Researcher Profile: R. Chibota
iCOMMS Masters Student | Email: firstname.lastname@example.org
I am a Masters student with the iCOMMS Research Team in the Department of Information Systems at the University of Cape Town. I also hold a BA Degree in Social Work and an Honours Degree in Social Development.
Assessing Public Participatory Methods/Mechanisms in the Water and Sanitation Sector
Public participation is a fundamental part of water service management and is intended to engage citizens in a constructive way in the decision making process in the sector. It is also an attempt to turn communities’ reluctance to engage with government around. A few studies have suggested that this is often due to unequal engagement practices. Previous studies have gathered that often the public are unaware of whom to report their water and sanitation faults to and that the municipalities make independent decisions without consultation.

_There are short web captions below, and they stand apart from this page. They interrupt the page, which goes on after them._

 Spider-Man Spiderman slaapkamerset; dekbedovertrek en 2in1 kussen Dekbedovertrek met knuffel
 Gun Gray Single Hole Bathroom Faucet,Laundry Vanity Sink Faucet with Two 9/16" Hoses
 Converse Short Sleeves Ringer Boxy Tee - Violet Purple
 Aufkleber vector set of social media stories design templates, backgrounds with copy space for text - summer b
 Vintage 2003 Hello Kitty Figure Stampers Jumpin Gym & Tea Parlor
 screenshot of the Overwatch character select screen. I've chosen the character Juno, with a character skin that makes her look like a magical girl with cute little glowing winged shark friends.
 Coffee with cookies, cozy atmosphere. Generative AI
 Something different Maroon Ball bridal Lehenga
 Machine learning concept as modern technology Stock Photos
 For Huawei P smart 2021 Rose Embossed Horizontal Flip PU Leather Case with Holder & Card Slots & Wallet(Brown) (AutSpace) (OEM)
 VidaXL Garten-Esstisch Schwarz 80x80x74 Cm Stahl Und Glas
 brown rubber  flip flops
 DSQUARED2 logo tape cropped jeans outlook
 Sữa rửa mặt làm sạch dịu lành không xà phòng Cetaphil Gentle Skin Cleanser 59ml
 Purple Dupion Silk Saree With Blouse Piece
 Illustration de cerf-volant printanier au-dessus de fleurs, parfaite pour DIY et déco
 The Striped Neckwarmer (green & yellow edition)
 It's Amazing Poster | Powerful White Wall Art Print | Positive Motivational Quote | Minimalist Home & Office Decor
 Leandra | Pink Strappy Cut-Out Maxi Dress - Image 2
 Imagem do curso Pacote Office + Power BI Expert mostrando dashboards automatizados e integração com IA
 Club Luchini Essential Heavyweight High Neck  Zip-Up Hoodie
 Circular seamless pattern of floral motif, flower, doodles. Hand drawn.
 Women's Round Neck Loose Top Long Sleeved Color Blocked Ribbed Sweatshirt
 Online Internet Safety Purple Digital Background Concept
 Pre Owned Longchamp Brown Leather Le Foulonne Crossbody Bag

This study assessed existing public participation mechanisms including those introduced by research team and their effectiveness in the context of South Africa. The study was based in the Eastern Cape and focused on six towns within two municipalities Ndlambe and Kou-Kamma. Focus group interviews were used as to collect data with sample size of. Community members were asked about their perception of the current public participation mechanisms in order to identify which methods are the most preferred. The responses were analysed using an adaptation of Thomas Bierele (1998) evaluation framework that uses social goals to access public participation mechanisms. This framework provided a guideline as to which goals each participatory mechanism is likely to achieve in order to identify the most favourable mechanism. For the purpose of this research , the researcher focused on the following six types of mechanisms , focus groups, public comment (telephone, interviews, and survey), public hearing /meeting, public notice ( pamphlets, loud hailer, news media) , advisory groups(ward committee) and the ICT system that was introduced through the research.
The findings revealed that currently the mechanisms of public participation used by the municipality are public hearing/meeting; public notice (Loud hailer, a few received SMSs); public comments (survey), and majority participated through word of mouth by community leaders. However, in in all six towns the most preferred methods were public hearings/meetings, focus groups, public notice particularly through the loud hailer and through advisory groups such as the ward committee. Despite exposure to new participatory mechanisms such as the ICT system as a means to report, the public prefer more traditional methods that provide face to face interaction and two way communication.